In a new collaboration, the artists Robbie Synge, Elizabeth Reeder, and Amanda Thomson, are working with local communities and conservationists to explore people’s relationship with landscape in the Cairngorms, Scotland.

The breadth of the Cairngorms Connects’ restoration work and its ‘200-year plan’ has prompted a responsive approach from the artists, who are using this opportunity to explore their environment from different perspectives. Their focus is on processes, methods of engagement, of gathering, learning about place, and asking questions around sharing landscape.

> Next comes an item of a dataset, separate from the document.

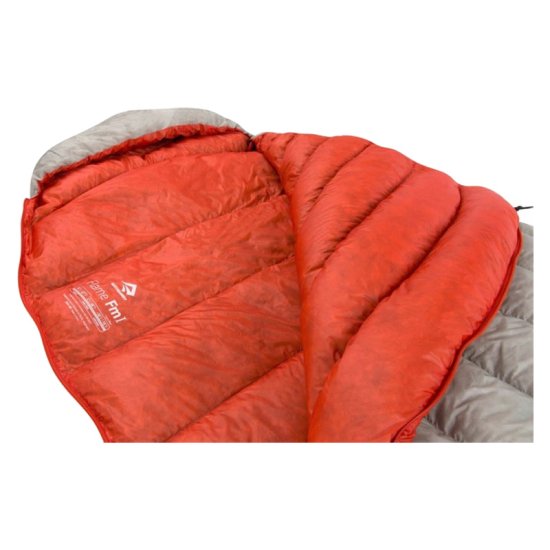 SEA TO SUMMIT - SAC DE COUCHAGE FLAME FM1 FEMME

During the residency the artists will be using infrared motion sensor cameras, exploring high peatland restoration sites and accompanying workers and volunteers as they go about their practical fieldwork, including moth-trapping, collecting seeds and willow planting.

Alongside their own investigative fieldwork, the artists are collaborating with ecologists, volunteers and school children through a range of sensory, photography, and writing workshops to creatively explore different perspectives within Abernethy Forest and its environs. Whilst being independent makers with three distinct practices, their work interweaves and will come together over this time to form a body of new work to include performances, exhibitions, events and prints over the coming year.

‘All of Us’ Abernethy Primary School Postcard, Robbie Synge, 2022

This project has been established through the Endangered Landscapes Artist Residencies and Arts Prize – a collaboration between the Endangered Landscapes Programme and the  CCI Arts, Science and Conservation Programme.

About the artists

Robbie Synge

Robbie Synge works with physical movement and interactions between people and materials, with collaborators of diverse backgrounds and interests and presenting in theatres, galleries and outdoor spaces. Recent work includes short film ‘Forest Floor’ (2019) shot in Abernethy Forest with collaborator Julie Cleves, exploring landscape access challenges. Synge has worked with, amongst others, the BBC, LUX Scotland and Siobhan Davies Dance.

Elizabeth Reeder

Elizabeth Reeder is a writer whose novel ‘An Archive of Happiness’, was longlisted for the Highland Book Prize (2021). Her work explores ideas of identity, community, home and place. She runs workshops on a range of subjects and is a senior lecturer in Creative Writing at the University of Glasgow.

 

Amanda Thomson

Amanda Thomson is an interdisciplinary artist and writer. Her artwork and creative non-fiction are often about the Highlands and notions of home, movements, migrations, landscapes and the natural world. Her doctoral studies included fieldwork with the RSPB in Abernethy Forest. She lectures at Glasgow School of Art and is author of ‘A Scots Dictionary of Nature’.